Not even Charles Dickens--indefatigable chronicler of abused childhood--would have come up with something like Unleashed. It makes Oliver Twist sound like Cinderella. From an early age, Danny (Jet Li) was trained as an attack dog by gangster Bart (Bob Hoskins), who regularly uses him to intimidate his enemies. Danny is kept in a damp cellar, an iron collar around his neck. Chronology is not the film's strong suit, but we are supposed to believe that this unfortunate creature, now fairly mature, has spent the last thirty years as an indentured slave. Then Bart is almost killed in a gangland shootout, and Danny is suddenly left to roam the streets as the stray dog he basically is.

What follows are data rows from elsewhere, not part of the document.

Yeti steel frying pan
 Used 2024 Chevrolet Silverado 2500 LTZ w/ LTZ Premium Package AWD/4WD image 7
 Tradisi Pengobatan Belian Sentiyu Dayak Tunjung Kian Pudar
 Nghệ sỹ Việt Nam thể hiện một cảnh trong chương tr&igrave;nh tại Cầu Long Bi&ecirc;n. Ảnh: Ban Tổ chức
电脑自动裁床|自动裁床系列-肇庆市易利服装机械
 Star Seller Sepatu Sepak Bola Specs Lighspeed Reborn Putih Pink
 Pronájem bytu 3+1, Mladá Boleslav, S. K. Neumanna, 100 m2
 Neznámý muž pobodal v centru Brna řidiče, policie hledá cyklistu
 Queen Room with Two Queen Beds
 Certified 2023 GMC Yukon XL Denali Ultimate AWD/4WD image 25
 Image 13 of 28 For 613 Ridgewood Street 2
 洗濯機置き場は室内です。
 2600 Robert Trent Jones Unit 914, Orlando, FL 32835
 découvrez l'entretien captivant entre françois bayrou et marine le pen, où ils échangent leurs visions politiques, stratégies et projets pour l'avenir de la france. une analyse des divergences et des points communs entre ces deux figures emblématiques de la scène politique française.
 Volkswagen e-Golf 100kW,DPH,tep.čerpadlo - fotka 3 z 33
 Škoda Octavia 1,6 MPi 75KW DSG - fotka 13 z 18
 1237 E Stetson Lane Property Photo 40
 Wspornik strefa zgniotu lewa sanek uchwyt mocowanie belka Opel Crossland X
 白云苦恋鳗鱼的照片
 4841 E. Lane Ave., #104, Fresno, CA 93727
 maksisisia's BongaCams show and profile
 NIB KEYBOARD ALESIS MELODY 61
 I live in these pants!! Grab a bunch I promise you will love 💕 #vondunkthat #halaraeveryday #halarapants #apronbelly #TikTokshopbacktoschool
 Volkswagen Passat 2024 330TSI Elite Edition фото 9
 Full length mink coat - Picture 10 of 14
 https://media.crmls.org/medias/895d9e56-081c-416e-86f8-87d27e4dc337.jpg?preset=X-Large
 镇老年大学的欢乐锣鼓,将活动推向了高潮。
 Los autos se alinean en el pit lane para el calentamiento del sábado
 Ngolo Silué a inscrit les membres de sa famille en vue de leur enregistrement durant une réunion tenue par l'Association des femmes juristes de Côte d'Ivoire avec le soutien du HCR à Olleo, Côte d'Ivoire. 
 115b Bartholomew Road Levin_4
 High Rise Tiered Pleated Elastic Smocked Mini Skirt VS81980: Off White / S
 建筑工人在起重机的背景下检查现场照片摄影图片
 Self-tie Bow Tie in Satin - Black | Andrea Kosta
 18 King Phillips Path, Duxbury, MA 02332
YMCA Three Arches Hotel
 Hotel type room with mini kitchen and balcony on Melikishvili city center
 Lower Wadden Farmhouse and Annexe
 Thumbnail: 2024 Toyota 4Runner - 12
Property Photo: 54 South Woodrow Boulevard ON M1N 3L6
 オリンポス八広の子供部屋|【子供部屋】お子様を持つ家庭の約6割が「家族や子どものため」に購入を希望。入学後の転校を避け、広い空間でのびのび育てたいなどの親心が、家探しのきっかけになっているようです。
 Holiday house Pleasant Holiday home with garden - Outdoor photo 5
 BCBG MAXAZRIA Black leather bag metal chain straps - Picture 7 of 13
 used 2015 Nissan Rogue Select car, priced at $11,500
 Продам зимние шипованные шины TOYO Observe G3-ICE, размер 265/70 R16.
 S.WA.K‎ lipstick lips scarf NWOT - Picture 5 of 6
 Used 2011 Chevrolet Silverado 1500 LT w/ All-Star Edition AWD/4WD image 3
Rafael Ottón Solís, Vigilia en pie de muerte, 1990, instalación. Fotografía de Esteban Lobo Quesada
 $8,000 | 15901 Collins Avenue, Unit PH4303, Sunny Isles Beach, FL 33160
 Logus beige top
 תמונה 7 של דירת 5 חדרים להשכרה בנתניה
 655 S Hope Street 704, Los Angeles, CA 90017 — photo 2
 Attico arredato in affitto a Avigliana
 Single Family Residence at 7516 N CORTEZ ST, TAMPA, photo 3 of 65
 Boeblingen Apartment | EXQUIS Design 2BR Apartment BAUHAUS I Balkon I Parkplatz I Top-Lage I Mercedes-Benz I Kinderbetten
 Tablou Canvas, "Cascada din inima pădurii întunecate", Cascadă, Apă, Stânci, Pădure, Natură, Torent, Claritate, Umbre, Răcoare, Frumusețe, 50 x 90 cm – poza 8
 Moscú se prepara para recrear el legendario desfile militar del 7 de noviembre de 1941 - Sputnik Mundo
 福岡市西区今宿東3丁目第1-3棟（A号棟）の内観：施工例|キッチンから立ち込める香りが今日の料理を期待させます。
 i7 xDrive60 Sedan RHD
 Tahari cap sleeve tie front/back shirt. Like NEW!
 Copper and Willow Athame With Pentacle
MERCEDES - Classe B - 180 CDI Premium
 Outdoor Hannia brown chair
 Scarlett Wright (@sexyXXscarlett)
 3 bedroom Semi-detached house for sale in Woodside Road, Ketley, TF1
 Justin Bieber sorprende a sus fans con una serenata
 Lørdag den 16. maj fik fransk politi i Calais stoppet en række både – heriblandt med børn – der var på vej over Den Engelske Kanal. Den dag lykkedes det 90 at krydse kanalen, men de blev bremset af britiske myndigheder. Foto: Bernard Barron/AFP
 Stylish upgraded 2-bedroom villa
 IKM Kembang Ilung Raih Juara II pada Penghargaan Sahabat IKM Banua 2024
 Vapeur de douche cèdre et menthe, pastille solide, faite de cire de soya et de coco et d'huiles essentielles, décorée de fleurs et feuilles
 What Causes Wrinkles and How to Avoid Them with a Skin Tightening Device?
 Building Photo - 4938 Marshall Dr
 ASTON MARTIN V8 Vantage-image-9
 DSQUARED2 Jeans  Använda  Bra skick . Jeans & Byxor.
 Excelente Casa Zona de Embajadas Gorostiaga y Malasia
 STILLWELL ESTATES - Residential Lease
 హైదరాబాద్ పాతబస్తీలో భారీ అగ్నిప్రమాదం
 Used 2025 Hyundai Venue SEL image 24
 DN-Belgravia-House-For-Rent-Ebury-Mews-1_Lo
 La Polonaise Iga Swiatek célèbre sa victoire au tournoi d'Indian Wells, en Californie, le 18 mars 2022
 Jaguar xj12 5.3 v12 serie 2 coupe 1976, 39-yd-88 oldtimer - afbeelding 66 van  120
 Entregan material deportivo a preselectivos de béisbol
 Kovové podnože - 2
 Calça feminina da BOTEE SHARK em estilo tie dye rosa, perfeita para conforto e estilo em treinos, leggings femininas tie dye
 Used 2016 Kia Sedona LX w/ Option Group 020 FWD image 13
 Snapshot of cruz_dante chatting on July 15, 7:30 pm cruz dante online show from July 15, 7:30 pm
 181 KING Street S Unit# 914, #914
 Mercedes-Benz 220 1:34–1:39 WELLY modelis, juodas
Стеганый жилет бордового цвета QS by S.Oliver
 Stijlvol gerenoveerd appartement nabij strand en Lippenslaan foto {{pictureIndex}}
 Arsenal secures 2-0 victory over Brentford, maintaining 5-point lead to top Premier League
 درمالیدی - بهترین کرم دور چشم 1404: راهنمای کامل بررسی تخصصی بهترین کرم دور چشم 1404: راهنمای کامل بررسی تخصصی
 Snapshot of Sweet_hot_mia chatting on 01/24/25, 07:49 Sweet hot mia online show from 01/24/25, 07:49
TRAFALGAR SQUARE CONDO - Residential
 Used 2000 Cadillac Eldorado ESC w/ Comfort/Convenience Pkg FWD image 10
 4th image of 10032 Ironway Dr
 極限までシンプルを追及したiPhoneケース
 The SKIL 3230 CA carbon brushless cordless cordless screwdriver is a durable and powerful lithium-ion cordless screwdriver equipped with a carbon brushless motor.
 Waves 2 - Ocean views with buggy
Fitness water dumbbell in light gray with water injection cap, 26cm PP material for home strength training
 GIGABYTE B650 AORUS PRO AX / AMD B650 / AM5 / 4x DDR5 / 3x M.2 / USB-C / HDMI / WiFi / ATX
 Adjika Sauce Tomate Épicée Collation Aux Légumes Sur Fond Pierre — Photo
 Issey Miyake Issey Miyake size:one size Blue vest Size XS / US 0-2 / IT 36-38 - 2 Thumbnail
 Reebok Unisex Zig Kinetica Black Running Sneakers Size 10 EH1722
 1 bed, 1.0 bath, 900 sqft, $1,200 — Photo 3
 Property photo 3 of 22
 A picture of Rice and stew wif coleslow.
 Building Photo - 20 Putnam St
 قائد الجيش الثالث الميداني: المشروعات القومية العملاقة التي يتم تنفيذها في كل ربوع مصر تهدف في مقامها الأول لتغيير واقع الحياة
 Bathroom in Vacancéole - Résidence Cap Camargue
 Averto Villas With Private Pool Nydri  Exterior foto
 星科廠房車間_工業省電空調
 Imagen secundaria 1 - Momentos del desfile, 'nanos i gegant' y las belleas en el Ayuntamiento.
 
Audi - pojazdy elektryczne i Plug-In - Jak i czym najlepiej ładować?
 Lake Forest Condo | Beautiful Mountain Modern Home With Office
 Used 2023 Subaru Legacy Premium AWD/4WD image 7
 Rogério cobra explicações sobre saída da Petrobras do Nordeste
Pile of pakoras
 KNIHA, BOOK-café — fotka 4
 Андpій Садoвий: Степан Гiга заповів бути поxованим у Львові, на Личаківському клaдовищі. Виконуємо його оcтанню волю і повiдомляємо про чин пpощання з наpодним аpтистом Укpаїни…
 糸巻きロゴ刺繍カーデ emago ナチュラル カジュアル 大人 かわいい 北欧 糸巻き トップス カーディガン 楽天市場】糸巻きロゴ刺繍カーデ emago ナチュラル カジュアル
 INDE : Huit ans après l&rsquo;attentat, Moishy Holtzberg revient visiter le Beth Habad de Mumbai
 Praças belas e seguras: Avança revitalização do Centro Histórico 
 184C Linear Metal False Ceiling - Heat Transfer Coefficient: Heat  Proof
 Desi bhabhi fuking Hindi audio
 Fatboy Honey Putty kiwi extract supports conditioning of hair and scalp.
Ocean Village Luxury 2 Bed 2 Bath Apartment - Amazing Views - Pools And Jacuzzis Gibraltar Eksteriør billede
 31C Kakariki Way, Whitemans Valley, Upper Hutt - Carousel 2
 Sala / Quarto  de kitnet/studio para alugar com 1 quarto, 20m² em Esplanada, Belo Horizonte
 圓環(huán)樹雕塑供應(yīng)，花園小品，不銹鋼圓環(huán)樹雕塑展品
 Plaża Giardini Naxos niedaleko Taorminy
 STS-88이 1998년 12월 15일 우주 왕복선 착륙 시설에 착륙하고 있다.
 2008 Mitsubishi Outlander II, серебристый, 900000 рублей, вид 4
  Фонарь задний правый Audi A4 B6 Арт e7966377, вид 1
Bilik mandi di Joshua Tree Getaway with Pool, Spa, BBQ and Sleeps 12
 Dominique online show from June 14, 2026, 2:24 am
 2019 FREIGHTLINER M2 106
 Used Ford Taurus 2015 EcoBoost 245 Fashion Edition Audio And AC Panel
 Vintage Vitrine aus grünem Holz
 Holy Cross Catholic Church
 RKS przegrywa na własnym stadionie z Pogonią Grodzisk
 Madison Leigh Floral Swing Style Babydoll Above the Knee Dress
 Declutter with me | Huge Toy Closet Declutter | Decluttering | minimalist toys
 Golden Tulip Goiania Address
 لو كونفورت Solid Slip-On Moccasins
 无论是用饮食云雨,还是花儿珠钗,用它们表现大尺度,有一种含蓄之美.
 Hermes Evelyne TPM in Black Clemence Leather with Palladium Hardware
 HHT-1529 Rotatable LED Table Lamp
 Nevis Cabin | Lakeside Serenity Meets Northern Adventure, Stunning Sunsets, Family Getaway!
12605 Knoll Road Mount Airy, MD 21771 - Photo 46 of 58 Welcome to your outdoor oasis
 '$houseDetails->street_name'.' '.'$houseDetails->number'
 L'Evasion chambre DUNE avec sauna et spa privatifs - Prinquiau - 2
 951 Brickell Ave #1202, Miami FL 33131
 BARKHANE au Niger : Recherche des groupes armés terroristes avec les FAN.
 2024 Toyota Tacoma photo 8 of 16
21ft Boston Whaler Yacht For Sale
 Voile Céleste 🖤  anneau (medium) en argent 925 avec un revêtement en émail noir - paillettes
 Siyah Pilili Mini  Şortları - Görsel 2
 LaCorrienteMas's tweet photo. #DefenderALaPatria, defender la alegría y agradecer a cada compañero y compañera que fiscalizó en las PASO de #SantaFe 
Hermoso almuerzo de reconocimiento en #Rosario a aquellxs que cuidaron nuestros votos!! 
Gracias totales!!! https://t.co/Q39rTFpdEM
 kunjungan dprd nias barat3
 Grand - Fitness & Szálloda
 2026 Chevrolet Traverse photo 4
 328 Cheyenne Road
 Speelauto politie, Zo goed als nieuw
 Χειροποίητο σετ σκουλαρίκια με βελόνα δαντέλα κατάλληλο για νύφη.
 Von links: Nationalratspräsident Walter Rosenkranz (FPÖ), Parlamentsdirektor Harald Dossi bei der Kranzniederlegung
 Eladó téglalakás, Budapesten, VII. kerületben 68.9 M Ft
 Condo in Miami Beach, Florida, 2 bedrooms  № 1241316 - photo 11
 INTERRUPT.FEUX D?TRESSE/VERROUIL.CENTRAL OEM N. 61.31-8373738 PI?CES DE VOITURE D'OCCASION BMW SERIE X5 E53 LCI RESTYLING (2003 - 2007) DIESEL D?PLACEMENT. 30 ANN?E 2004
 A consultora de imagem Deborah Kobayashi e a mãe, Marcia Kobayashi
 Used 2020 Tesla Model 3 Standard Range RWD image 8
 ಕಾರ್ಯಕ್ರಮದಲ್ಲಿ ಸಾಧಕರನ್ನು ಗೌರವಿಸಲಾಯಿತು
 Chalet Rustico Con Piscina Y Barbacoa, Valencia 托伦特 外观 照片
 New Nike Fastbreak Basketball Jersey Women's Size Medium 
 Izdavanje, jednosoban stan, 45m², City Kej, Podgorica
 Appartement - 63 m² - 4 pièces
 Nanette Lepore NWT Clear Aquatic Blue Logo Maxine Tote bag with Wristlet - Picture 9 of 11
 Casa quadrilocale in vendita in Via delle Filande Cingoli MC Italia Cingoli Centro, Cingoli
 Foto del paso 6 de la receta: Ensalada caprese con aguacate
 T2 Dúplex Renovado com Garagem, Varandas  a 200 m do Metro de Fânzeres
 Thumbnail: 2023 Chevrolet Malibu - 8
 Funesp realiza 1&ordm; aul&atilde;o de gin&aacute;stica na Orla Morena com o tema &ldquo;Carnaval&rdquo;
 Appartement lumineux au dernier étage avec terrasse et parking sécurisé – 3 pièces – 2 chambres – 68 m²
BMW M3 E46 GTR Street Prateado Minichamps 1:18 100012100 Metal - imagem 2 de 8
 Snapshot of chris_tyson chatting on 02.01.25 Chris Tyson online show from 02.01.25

He's taken under the merciful wing of a blind piano tuner (Morgan Freeman) whose adopted daughter (Kelly Condon) teaches Danny to eat with knife and fork. She also discovers hidden musical talents Danny picked up from his mother, long ago murdered by the sadistic Bart. There's an awkward hint of romance between Danny and Kelly, fortunately stymied by the reappearance of Bart, now almost foaming at the mouth with self-induced hydrophobia.
        

Unleashed played in France sometime ago, under the rather more appropriate title of Danny the Dog. Its promoter and screenplay writer is the prolific Luc Besson, with his protegé Louis Leterrier as nominal director. When Besson couldn't get financing in Hollywood or Paris, he moved his usual French crew to Glasgow and shot the picture in English, with a multinational cast.
     

Jet Li, the martial arts star, makes sorrowful faces at the camera, but only comes alive when he stops pretending to be a victim (or an actor) and kick-boxes to his fans' content. The extremely violent action sequences occasionally resurrect this moribund saga of Little Orphan Danny, his Sightless Savior and his Fearless Fagin. As usual, Morgan Freeman plays Morgan Freeman. The Condon girl is rather contraceptive. Bob Hoskins gives his all to score Worst Performance, even among such poor, unprepossessing competition.
      

Those tumultuous fights, choreographed by reliable expert Yuen Wo Ping, may somewhat compensate genre addicts for the bother of watching, with Fido-like devotion, this wretched melodrama, incredible to the last bark. As for Besson and Leterrier, they can always claim the dog ate their homework.